## YOUR GOAL
Give back all of the data exactly, with every picture omitted.

## INFORMATION SUPPLIED
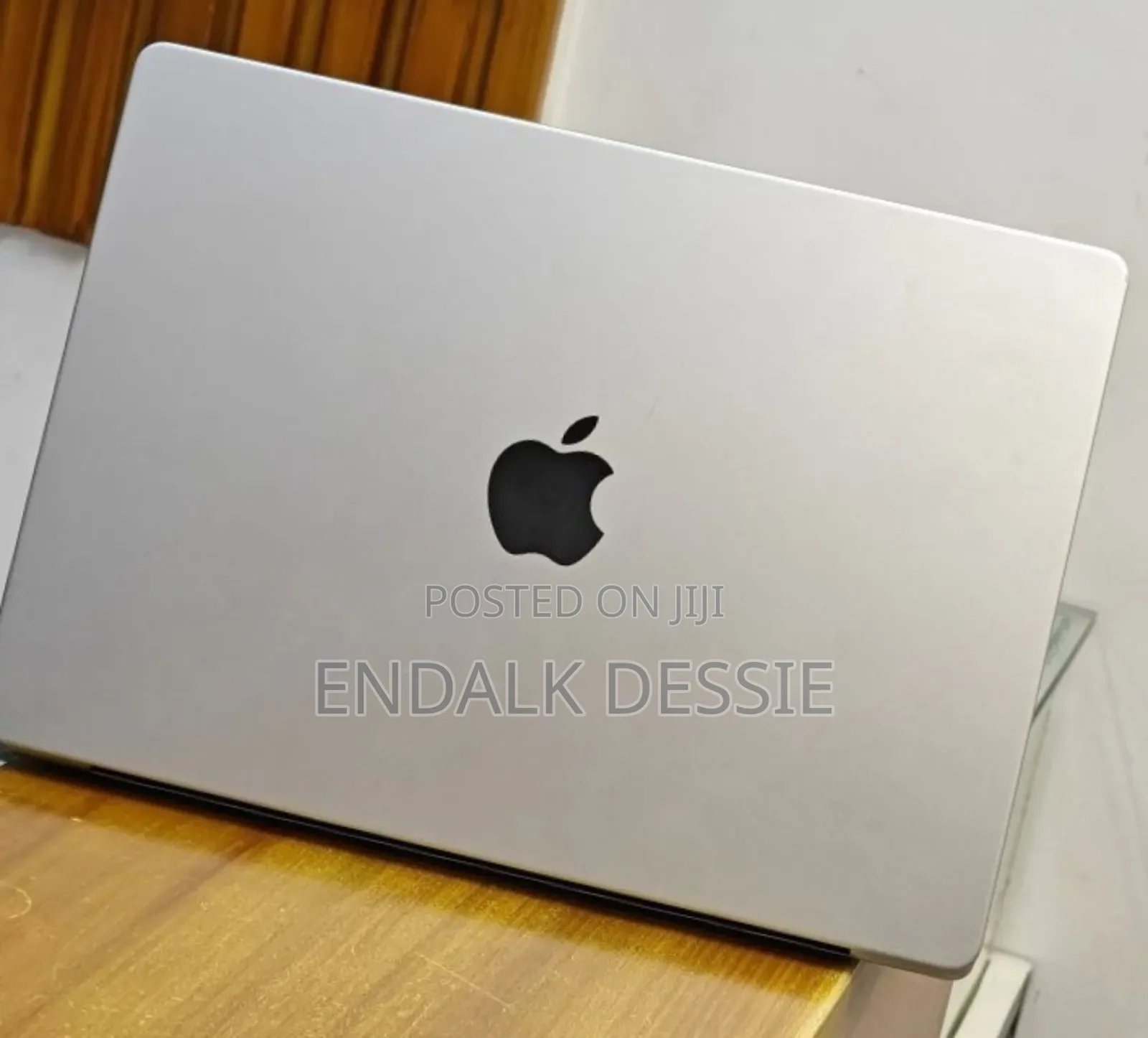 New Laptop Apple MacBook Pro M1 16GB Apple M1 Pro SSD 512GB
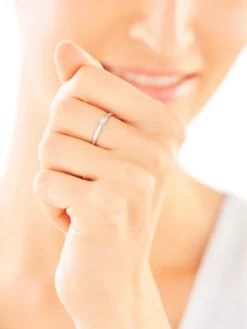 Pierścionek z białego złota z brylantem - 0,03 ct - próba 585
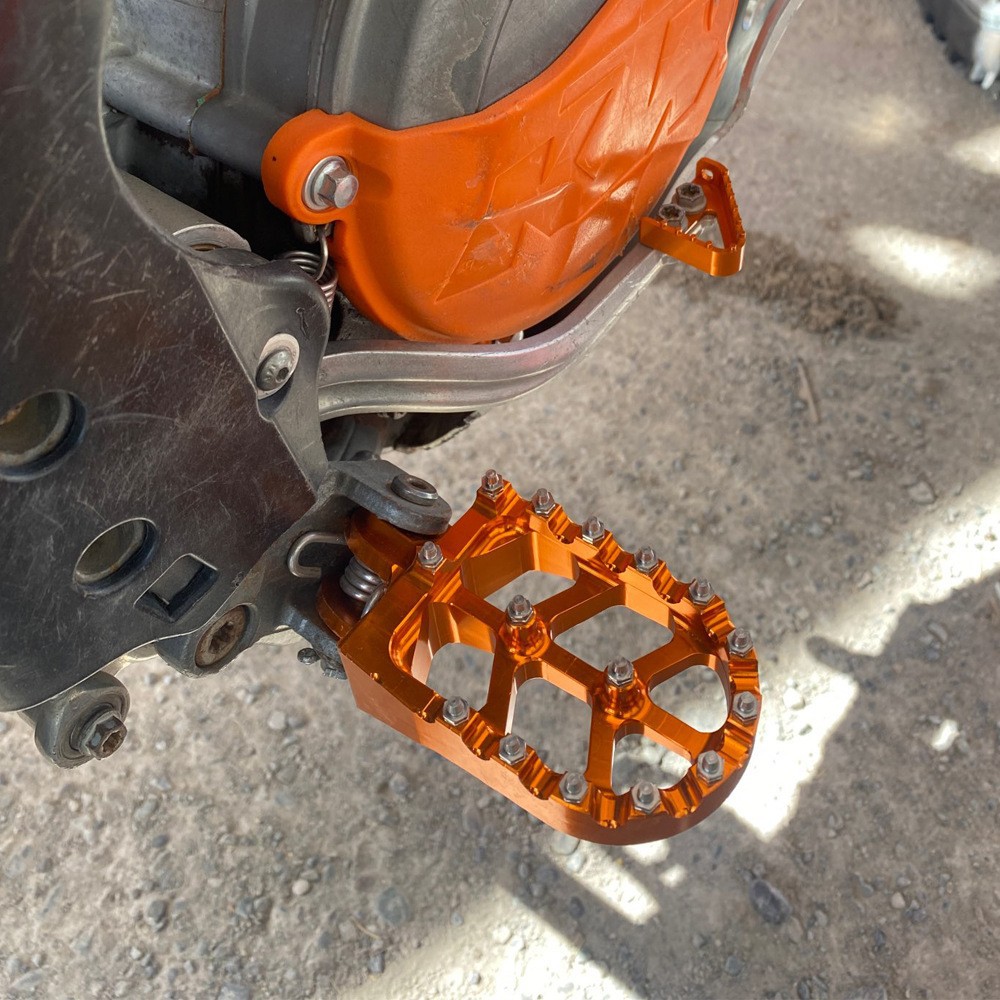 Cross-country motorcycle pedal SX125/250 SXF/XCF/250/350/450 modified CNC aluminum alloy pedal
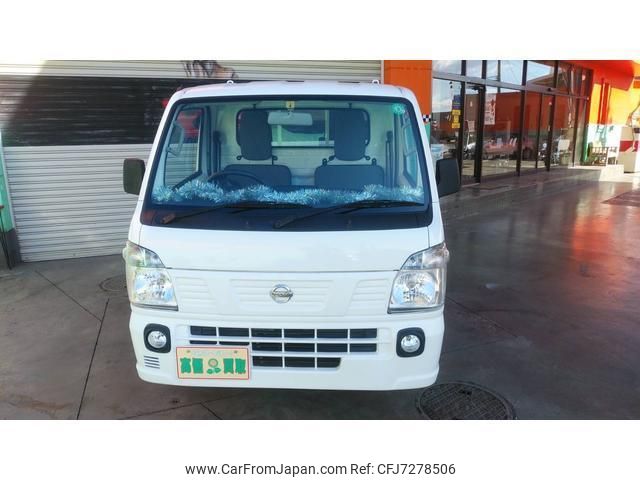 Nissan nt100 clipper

## RESULT FOR THIS TASK
 New Laptop Apple MacBook Pro M1 16GB Apple M1 Pro SSD 512GB
 Pierścionek z białego złota z brylantem - 0,03 ct - próba 585
 Cross-country motorcycle pedal SX125/250 SXF/XCF/250/350/450 modified CNC aluminum alloy pedal
 Nissan nt100 clipper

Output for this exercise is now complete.